A lot of beginners actually complete the backswing way too quickly, wrongly thinking that this will improve their shot.

If you want to bring your club back correctly, you need to allow your shoulders to turn and let your hips follow. Your hips also need to start the backswing, and not your hands.

Another thing to remember is that a full follow-through is not required for every type of shot. You need to learn how to follow each of your shots, and this should be a high priority when learning how to play.

It is natural instinct to watch the ball as you strike it. This is a temtation that you must try to avoid. By watching the ball you will actually be stopping short when following through, this can have dramatic effects of your overall shot.

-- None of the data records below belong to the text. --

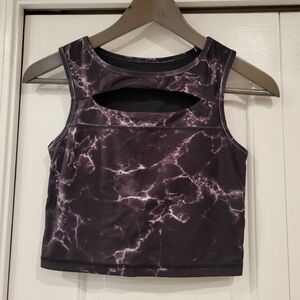 Buff bunny marble cropped tank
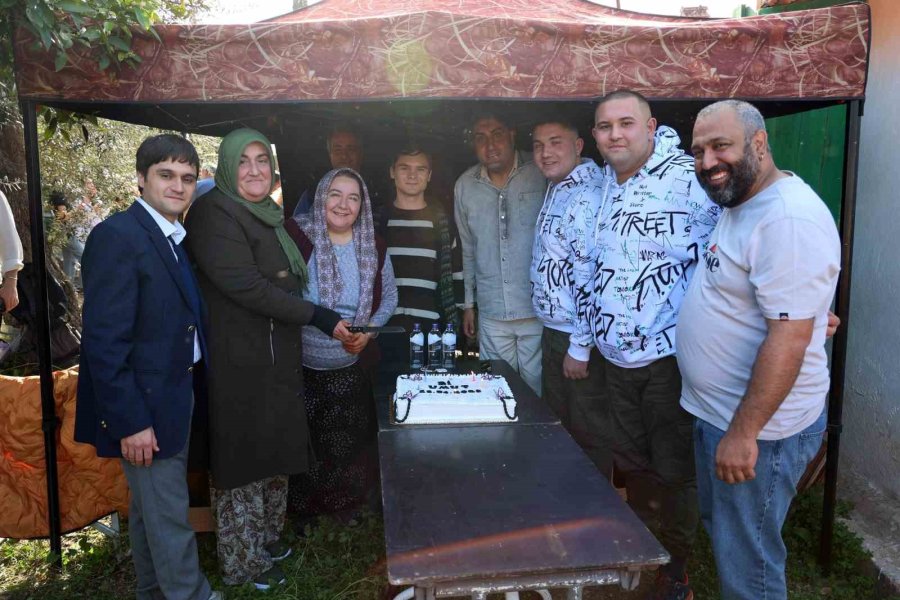 Kimliği Belirsiz Felçli Rus Gence 10 Yıl Annelik Yapan Gülsüm Ananın Hayatı Film Oluyor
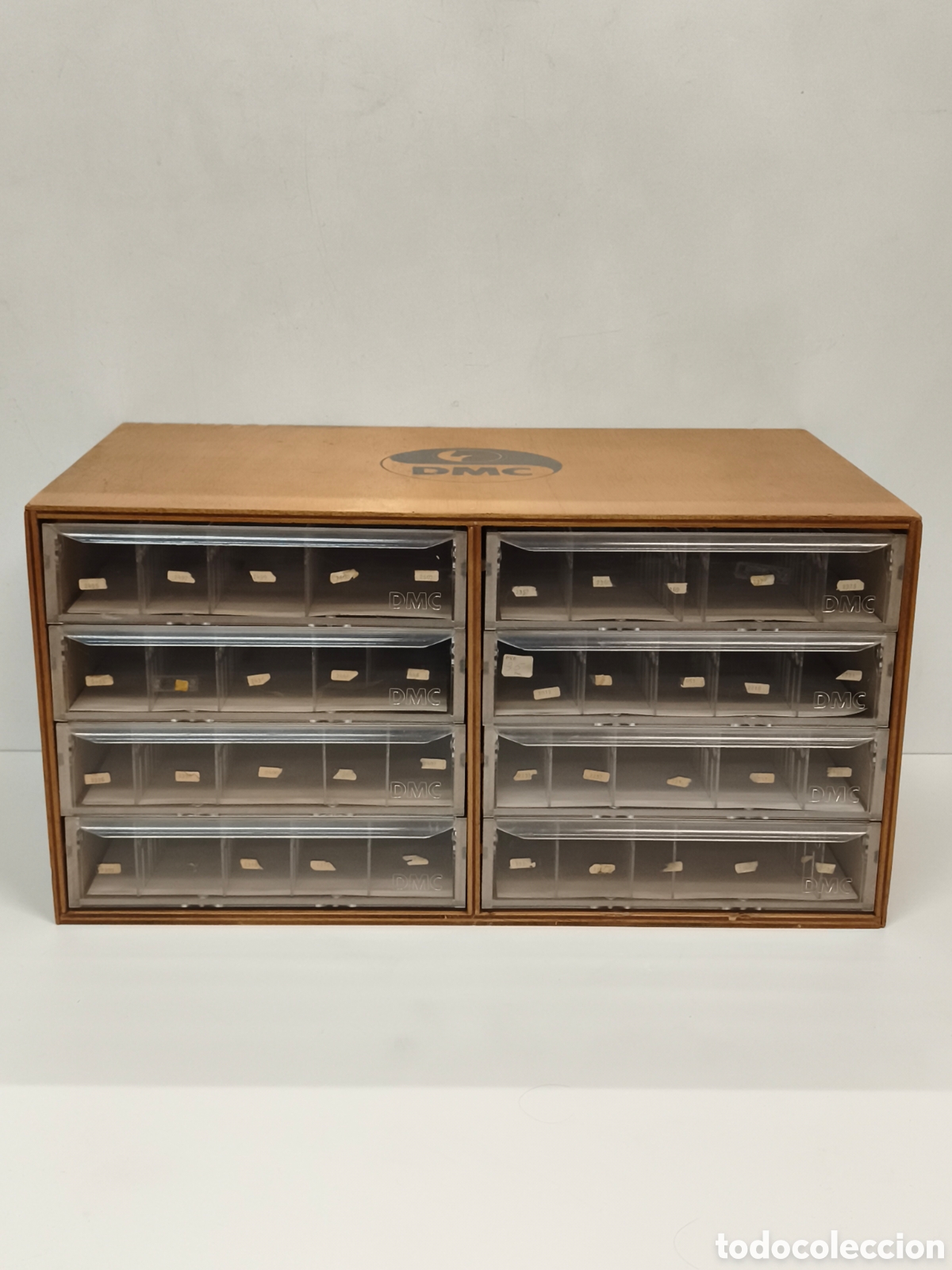 Antig&uuml;edades: Mueble cajones DMC para hilos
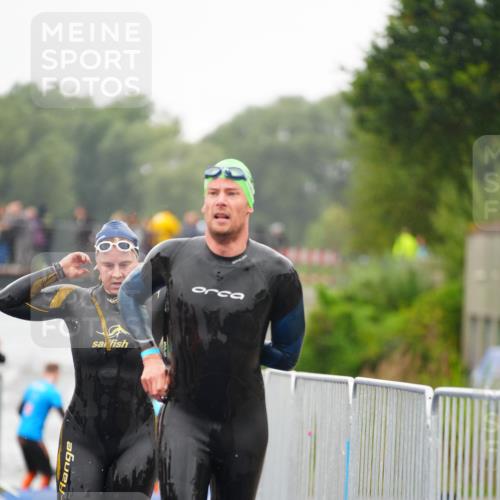 30.08.2026 - Elbe Triathlon Hamburg LAZAROV Photography http://msf.ph/oto/10031253 30.08.2026 08:36:04 Schwimmen 254, 280, 312, 356 meine-sportfotos.de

Beginner golfers should realise that practice makes perfect. It's the only truy way to improve your golf game. You need to practice with each and every club to be able to master your golf swing. This can become a mind-numbing thing to do but it will vastly advance your playing ability.


----------



## KrudlerAce

*Fundamentals*

Excellent Post.

Yes most definitely the key is too get the fundamentals right first. For me it was the stance, posture, alignment and the grip. Get these things right which a lot of beginners don't, you give yourself the right foundation to begin making a solid, smooth golf swing.


----------



## dadamson

That's right! I see way too many beginners who pick up the wrong techniques early on, then they wonder why they are slicing or hooking the ball constantly. It's better the get the fundamentals correct the first time.


----------



## Hit Golf

Great post! The key to success with any game is the fundamentals. Even more experienced golfers can improve themselves by re learning and going back to basic fundamentals of golf. Heres a great video i found about 5 steps to building a golf swing.  5 Steps with TOP 100 Teacher Gale Peterson


----------



## Stuart StAndrew

I did it the wrong way around and started off with my brother, who wasnt that great giving me a few tips and I thought I'd get by. I actually started off okay but hit a plateau very quickly and couldnt get past it. It was either give up or get some coaching. I went for the coaching but because I had some many bad habits it took twice as long to get right!


----------



## willfant

Nice tips! =) I play golf for 5 years and there is good tips!


----------



## Mygolfingdiary

Some good points brought up in that post. Some of those I used this summer to go from a complete duffer (shooting 120) to now having rounds hovering right around 90.

The biggest influences for my improvement was: 

* playing 9 holes at least once or twice a week for 10 weeks

* practicing 80% of the time on my short game rather than my driving. Putt and chip for 15 minutes then reward myself with a small bucket of balls. Then repeat again (and sometimes again). HUGE gains because of this. 

* used Youtube to find great, short instructional videos. Want putting tips from Brad Faxon? Youtube. Trying to improve sand shots? YouTube. Chips and pitching? Yup... YouTube. 

* read all of Harvey Penicks books (little red golf book, ...and if you golf, you are my friend etc). Excellent reads and I will be rereading them once a year. 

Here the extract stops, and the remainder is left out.